Le texte d'Alain Dubuc dans La Presse du 29 janvier porte à réfléchir. Comme lui, je n'aime pas que l'on traite de la question du crucifix à l'Assemblée nationale de manière partisane. Je suis d'accord avec ce qu'il écrit sur la culture chrétienne: «Ce passé [catholique] n'a pas seulement légué un patrimoine, il a aussi contribué, avec les traditions protestante, orthodoxe et juive, à définir nos références communes et nos valeurs. Cela fait partie du bagage que propose la société d'accueil et dont les nouveaux venus doivent tenir compte dans leur processus d'intégration. L'asepsie culturelle n'est pas une solution».

C'est pourquoi je ne comprends pas que M. Dubuc veuille exclure le crucifix des murs de l'Assemblée nationale, installé par le premier ministre Duplessis en 1936. S'il n'y était pas, il ne serait pas question de l'y mettre, mais il y est déjà.

«Je défends la présence de ces crucifix (sur les murs des écoles et de l'Assemblée nationale), explique Pierre Foglia, en n'en faisant pas une affaire de principe, de religion, de droit, mais comment dire? De sensibilité. D'urbanité. Bien sûr qu'ils sont incongrus dans un espace civique, mais on ne parle pas d'en mettre, ils sont là, il y a de la provocation à vouloir les décrocher, il y a un peu là-dedans du taliban qui fait sauter les bouddhas de Bamiyan. Peut-être y a-t-il dans ce débat, en plus de la voix du bon droit, celle du citoyen ordinaire qui ne fait pas chier son voisin quand ce n'est pas absolument nécessaire» (La Presse, 2 oct. 2007).

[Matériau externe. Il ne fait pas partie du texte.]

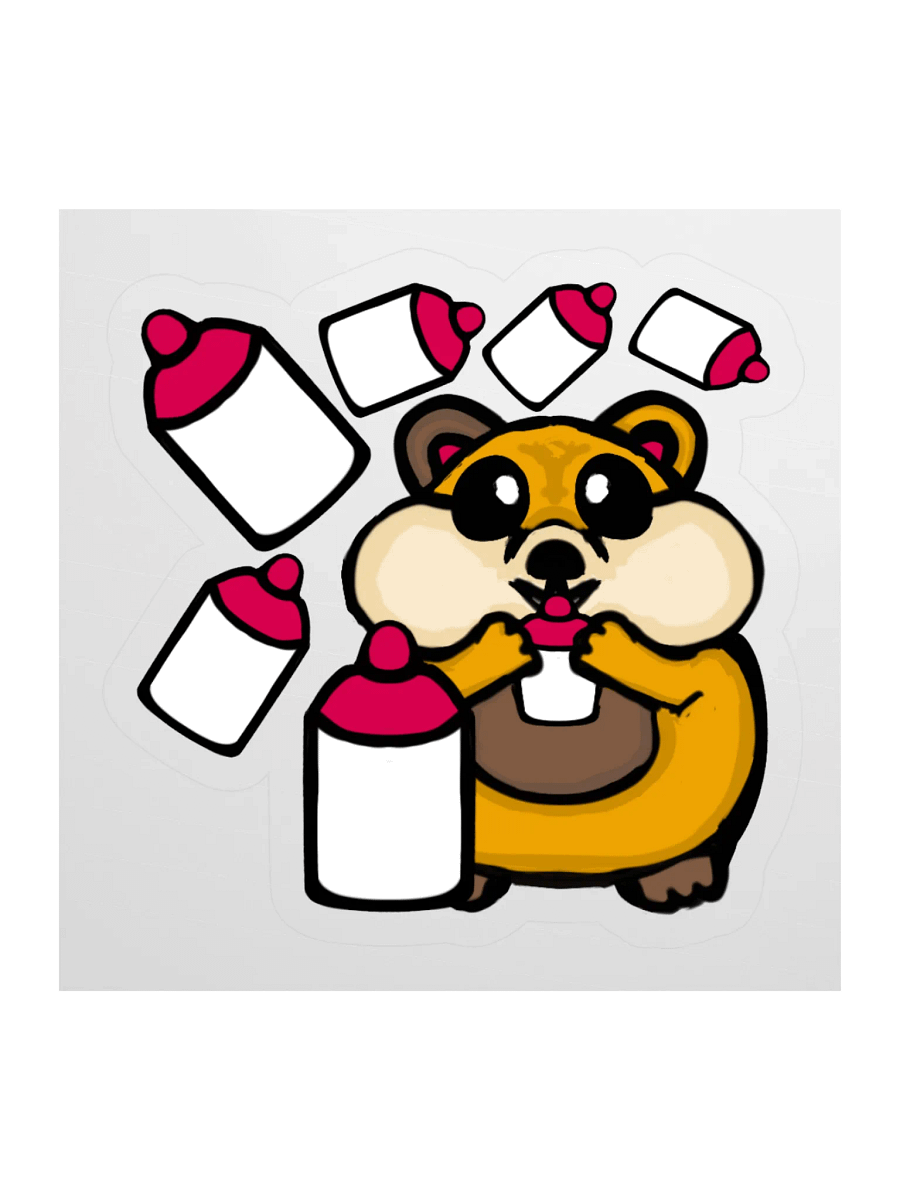 ham-str hamster product image (1)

Incidemment, faudrait-il aussi supprimer notre drapeau adopté encore plus récemment, le 21 janvier 1948, sous le même premier ministre Duplessis, qui est composé de quatre fleurs de lys en mémoire des origines françaises du Québec et d'une croix blanche représentant la foi chrétienne? Faudrait-il encore supprimer nos armoiries adoptées le 9 décembre 1939, où les fleurs de lys (or sur fond bleu), symboles des rois de France, sont au nombre de trois en l'honneur de la Sainte-Trinité?

En Italie, en mars 2005, le Tribunal administratif rejeta la requête des parents qui contestaient la présence du crucifix dans les écoles publiques. Il estima notamment que, quoique le crucifix soit un symbole religieux, il est également un symbole historico-culturel, pourvu à ce titre d'une «valeur identitaire» pour le peuple italien, en ce qu'il «représente d'une certaine manière le parcours historique et culturel caractéristique de [l'Italie] et en général de l'Europe toute entière...».

Le tribunal retint en outre que le crucifix devait aussi être considéré comme un symbole d'un système de valeurs qui innervent la Charte constitutionnelle italienne. Après diverses péripéties, le litige fut porté devant la Grande Chambre de la Commission européenne des droits de l'homme, la plus haute instance judiciaire du Conseil de l'Europe, qui rejeta la requête des parents. Dans le cadre de cette procédure, 33 membres du Parlement européen et 10 pays, dont la Russie, sont intervenus pour soutenir l'Italie. Effectivement, le crucifix est présent dans les écoles de plusieurs pays européens.

Qu'en serait-il des débats à l'Assemblée nationale, si les députés pensaient quelquefois aux valeurs fondamentales qui animaient cet homme crucifié? Comme on peut être inspiré par la vie de Gandhi, Luther King, Nelson Mandela.